WHAT THE TASK ASKS — Omit the pictures and reproduce the rest of the listing exactly.

:::::

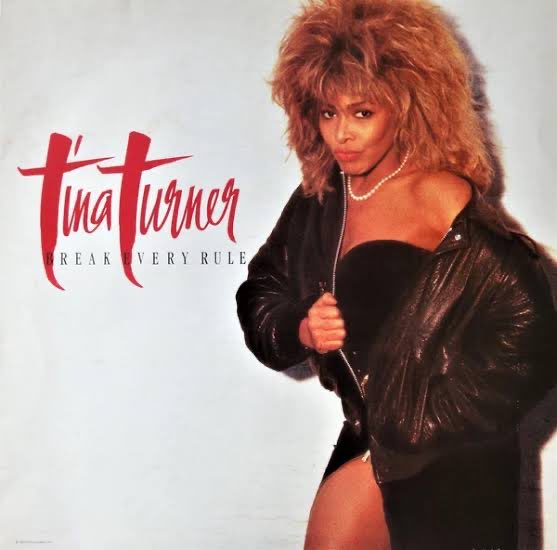 Happy Birthday Tina Turner   Break Every Rule                 
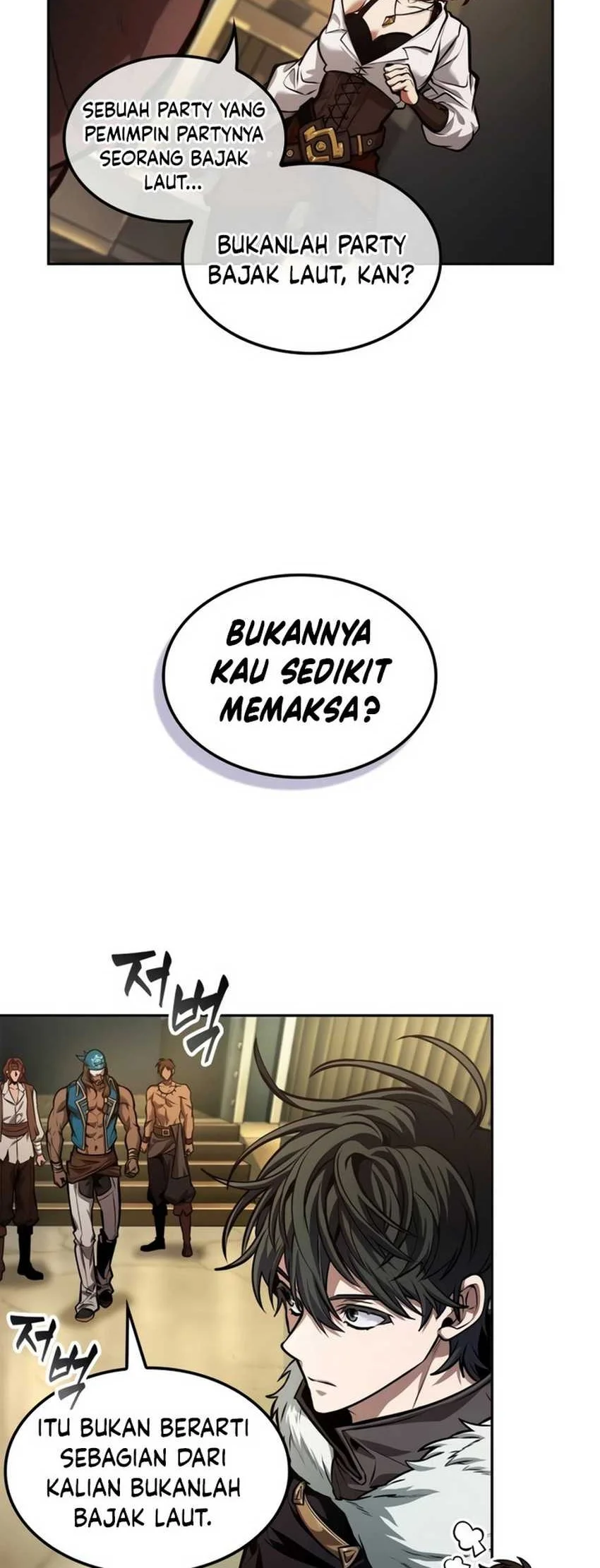 Oppa KR galak bet Chapter 35 - halaman 7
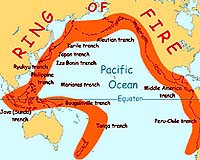 Ring Of Fire Strikes Again In Indonesia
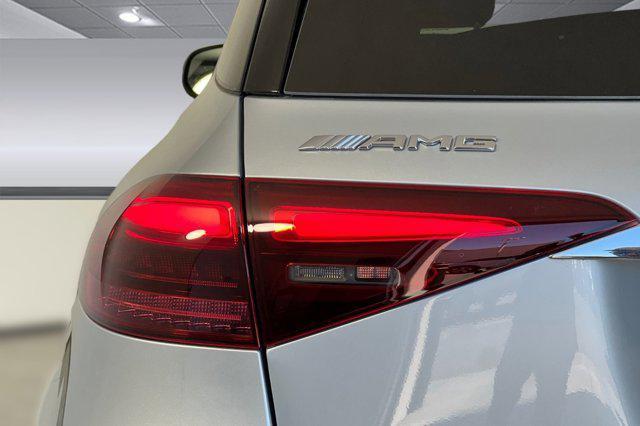 new 2025 Mercedes-Benz AMG GLE 53 car, priced at $92,285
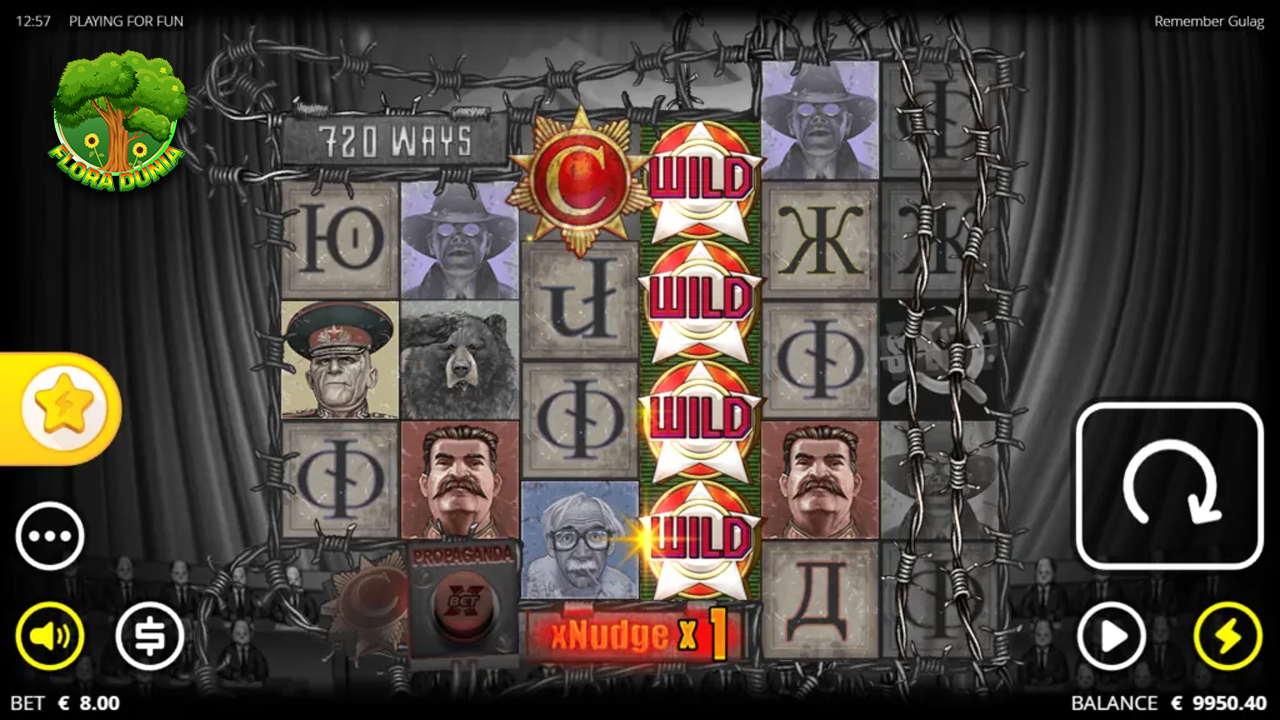 Remember Gulag Historis Bernuansa Horor Rtp8000!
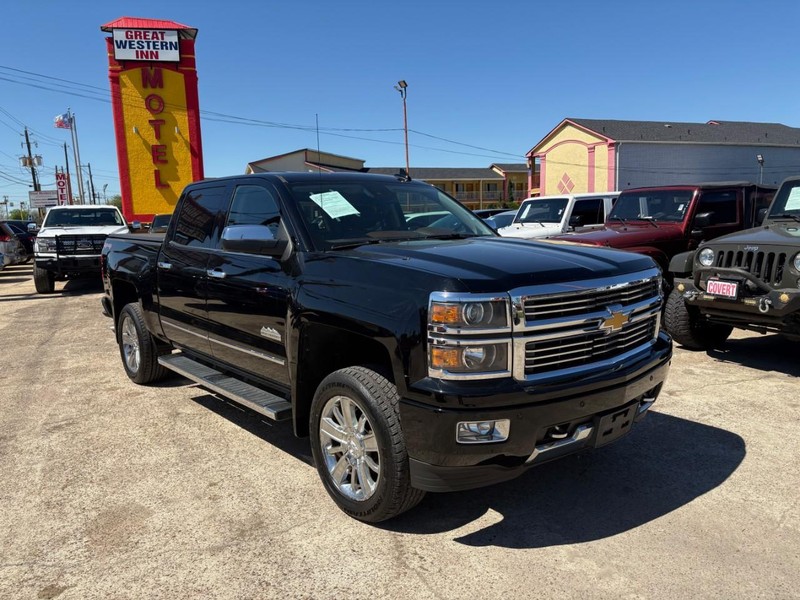 Chevrolet Silverado 1500 Vehicle Image 02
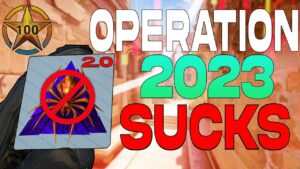 What if CSGO’s NEXT OPERATION skins/stickers SUCK?! | Luke-Eats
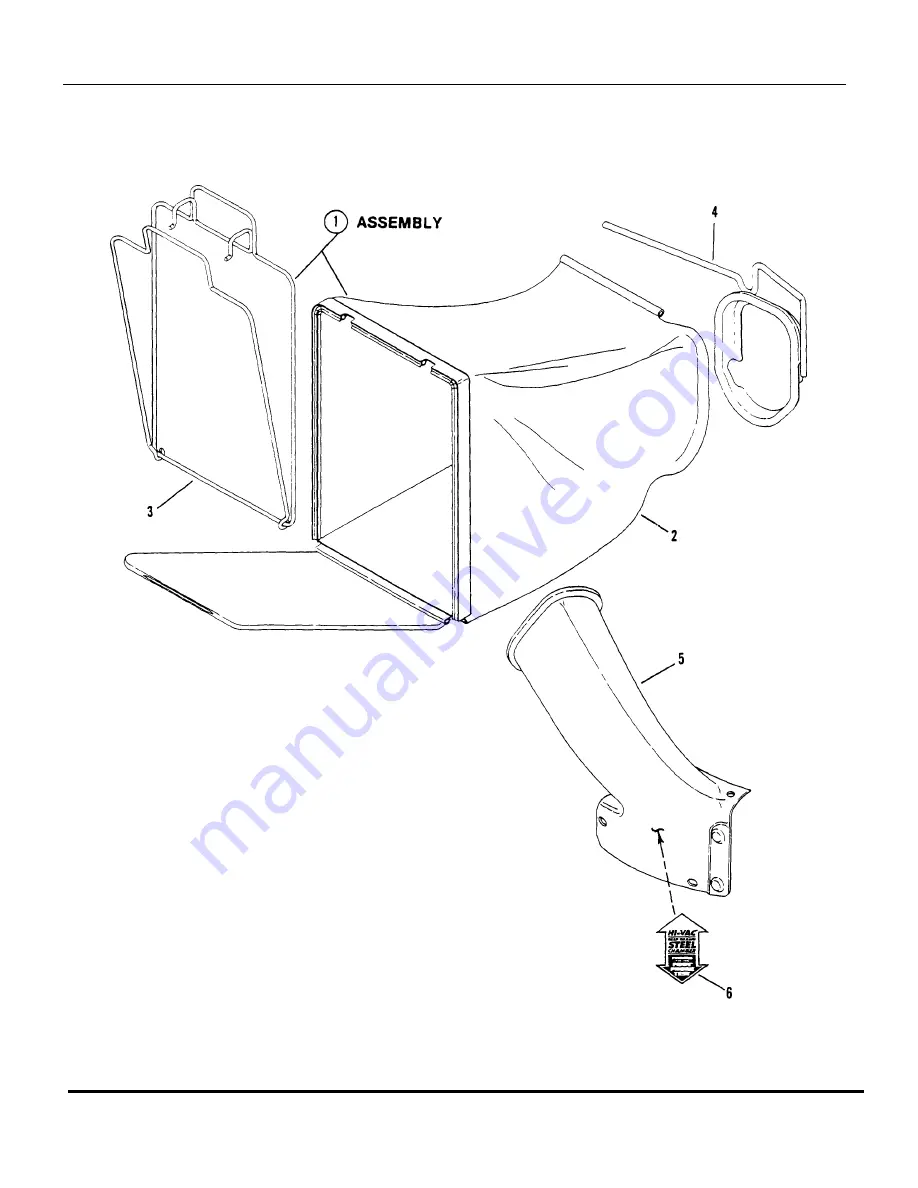 Snapper D20380 Скачать руководство пользователя страница 16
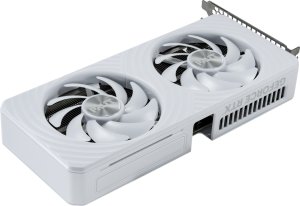 Karta graficzna Palit GeForce RTX 5060 Ti White OC 8GB GDDR7 DLSS4 (NE7506TU19P1-GB2062M) 7
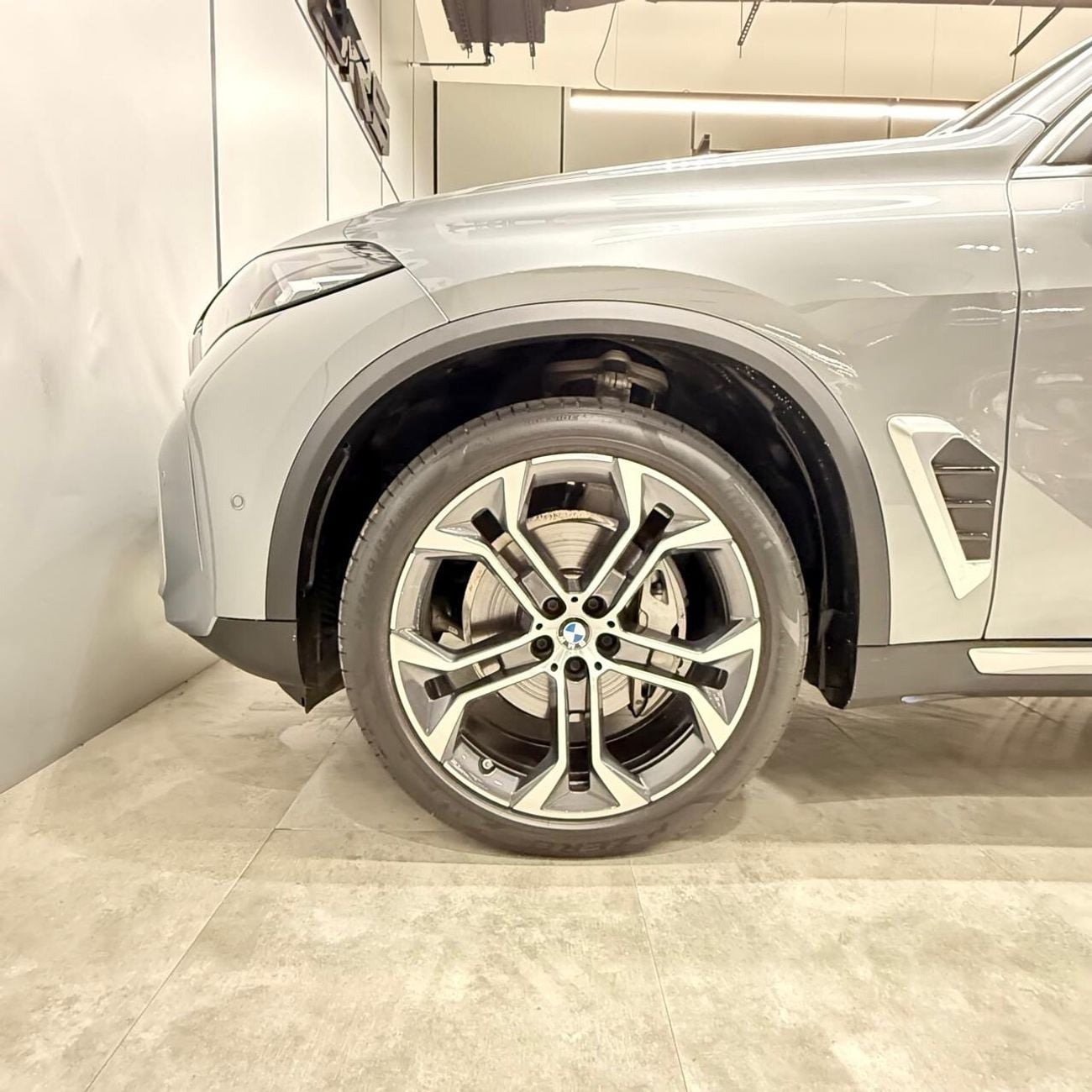 BMW X5 XDRIVE40i EXCLUSIVE M SPORT PACKAGE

:::::

THE COMPLETED TASK —
 Happy Birthday Tina Turner   Break Every Rule                 
 Oppa KR galak bet Chapter 35 - halaman 7
 Ring Of Fire Strikes Again In Indonesia
 new 2025 Mercedes-Benz AMG GLE 53 car, priced at $92,285
 Remember Gulag Historis Bernuansa Horor Rtp8000!
 Chevrolet Silverado 1500 Vehicle Image 02
 What if CSGO’s NEXT OPERATION skins/stickers SUCK?! | Luke-Eats
 Snapper D20380 Скачать руководство пользователя страница 16
 Karta graficzna Palit GeForce RTX 5060 Ti White OC 8GB GDDR7 DLSS4 (NE7506TU19P1-GB2062M) 7
 BMW X5 XDRIVE40i EXCLUSIVE M SPORT PACKAGE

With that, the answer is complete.